Just a few blocks down the street from Jilly’s on Queen East sits a lesser-known but equally storied neighbourhood landmark. A yellow sign with “NITECLUB” written in blue letters marks the entrance to the Woodgreen Community Services building at 650 Queen St. E. But long before Woodgreen—or the nightclub, which came later—the building was The New Edwin Hotel, built in 1906 by architect James Patrick Haynes (who also designed Allen’s Danforth Theatre). The hotel catered to rail passengers at the Don Station, which used to be situated where King and Queen East meet.
Riverdale Historical Society president Gerald Whyte thinks the site, in a neighbourhood then populated with shopkeepers and bricklayers, was chosen because land was cheaper east of the Don than on the west. (Some things never change.) When the station closed in 1967, the Edwin fell into disrepair, and by 1975, the bottom floor housed a dance club—hence the gaudy sign.

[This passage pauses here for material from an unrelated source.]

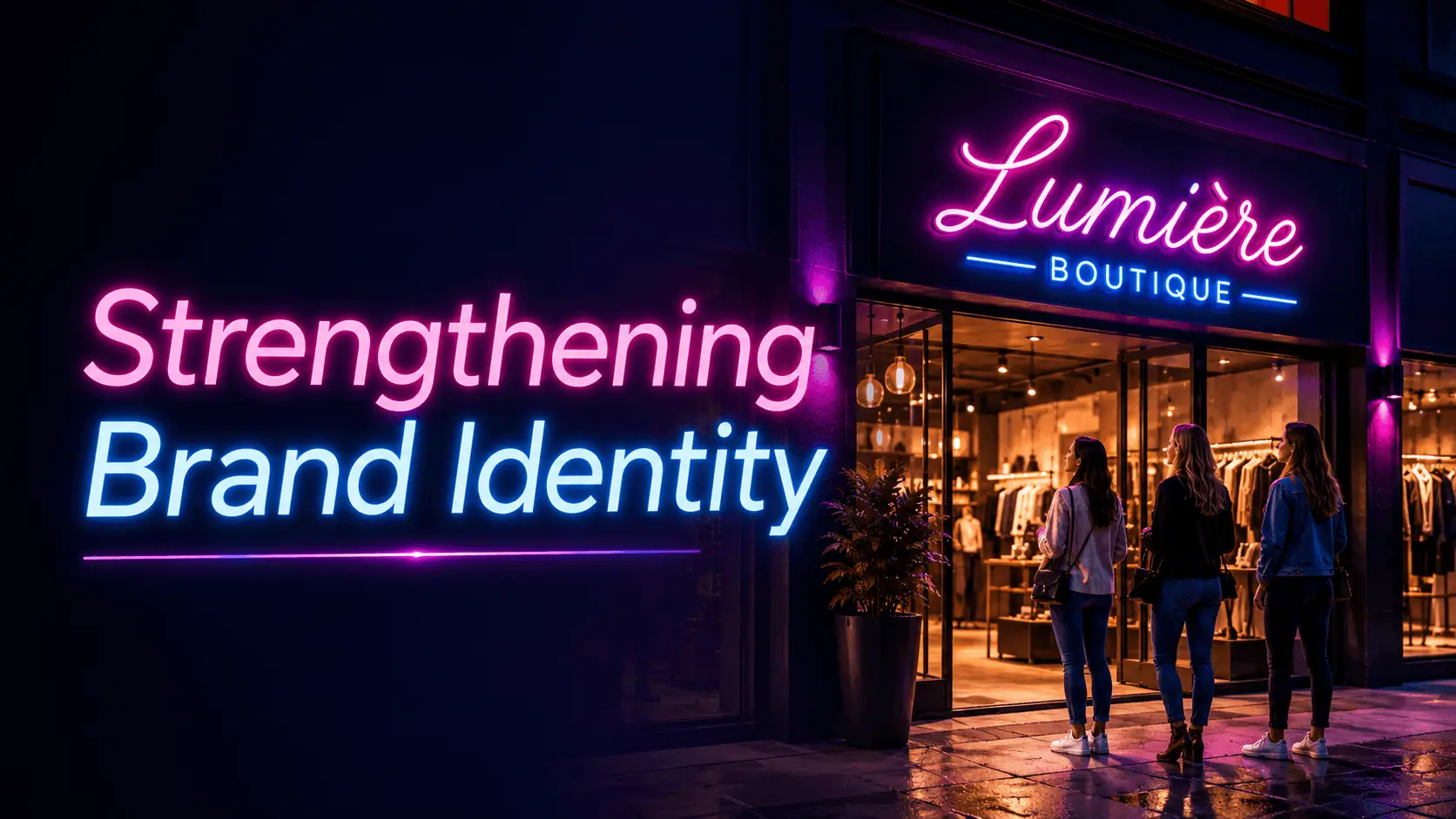 Neon-lit boutique entrance with three women standing outside at night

A Toronto Star ad from 1975 promoted Detroit band Pyramid Power at the Edwin: “Dance to boss disco sound on our illuminated floor.”

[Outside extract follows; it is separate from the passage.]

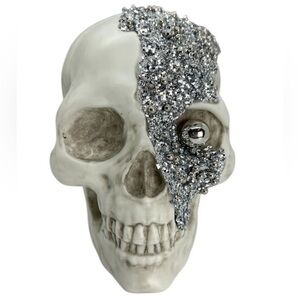 NWT Target Bullseye Playground 2024 Halloween GLAM SKULL skeleton White Silver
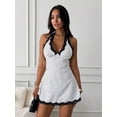 thumbnail image 3 of Black And White Polka Dot Halter Neck Lace Trim A-Line Mini Dress For Women, 3 of 7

In 2008, Woodgreen Community Services bought the building and gutted the cockroach-infested rooms, which had been rented for $400 per month. Twenty-eight rooms were added for men transitioning out of homelessness, and space for community programs. The “NITECLUB” sign remains, at least for now. “It would cost a lot of money to take it down,” says Woodgreen president Brian Smith.